We think, at least I think, regularly about the things that really matter. Christmas as a religious event doesn’t matter at all to me, but Christmas, or the whatever you call your winter festival, means everything. We were not born simply to accumulate wealth, objects, property or simply to practice hedonism as a way of life. These are things that happened along the way. We were born as a result of the accident of our birth and our sole reason for existence if procreation. That is the meaning of life. So, why not try to be a good person along the way? We never pass this way again.
I have not always been a good person. I’ve been far from flawless and I am still far from flawless, possessing numerous unwanted traits and carrying out mistaken actions. But I am trying to be better. Time is running out for me, as it is for you. I am not concerned a great deal about leaving a personal legacy in the sense of people saying, “what a great bloke he was” but I’d like to think I did more good than harm. I’d like to think my tiny imprint on the world made my existence at least a bit worthwhile, given how lucky I was to be born at all.

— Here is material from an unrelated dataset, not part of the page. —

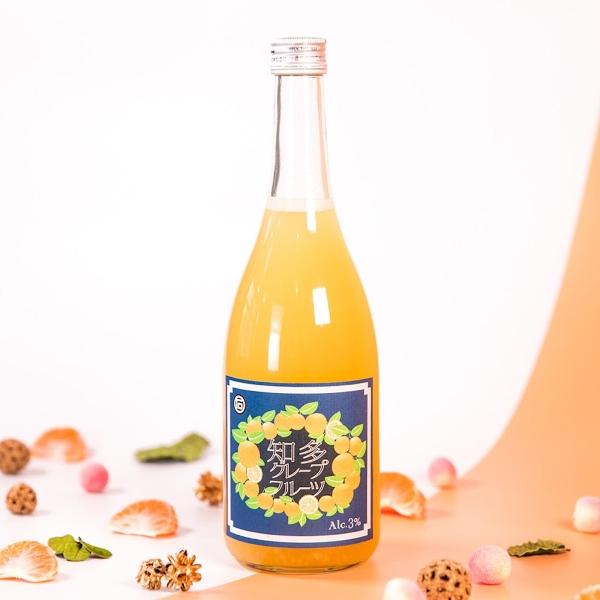 知多グレープフルーツ 果実酒 リキュール 720ml / 丸石醸造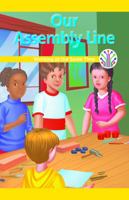 Nuestra Linea de Montaje: Trabajar Al Mismo Tiempo (Our Assembly Line: Working at the Same Time) 1508137536 Book Cover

Gavin and Stacey, even though I can’t stand the show in general and the insufferable James Corden in particular, had more than a touch of feel good about it. So did King Brian’s speech. And it was all a million times better than the hate and loathing as promoted by – and I’ll keep the list short and not sweet – the likes of Nigel Farage, the AFD, Donald Trump, Elon Musk, Vladimir Putin and wrong ‘uns everywhere.
Okay, 56 million of us didn’t watch Gavin and Stacey but I’ll bet many of us share the love more than the haters would ever imagine. There is hope, whether you do God or you don’t. There is love, too. And without love, where would we be right now?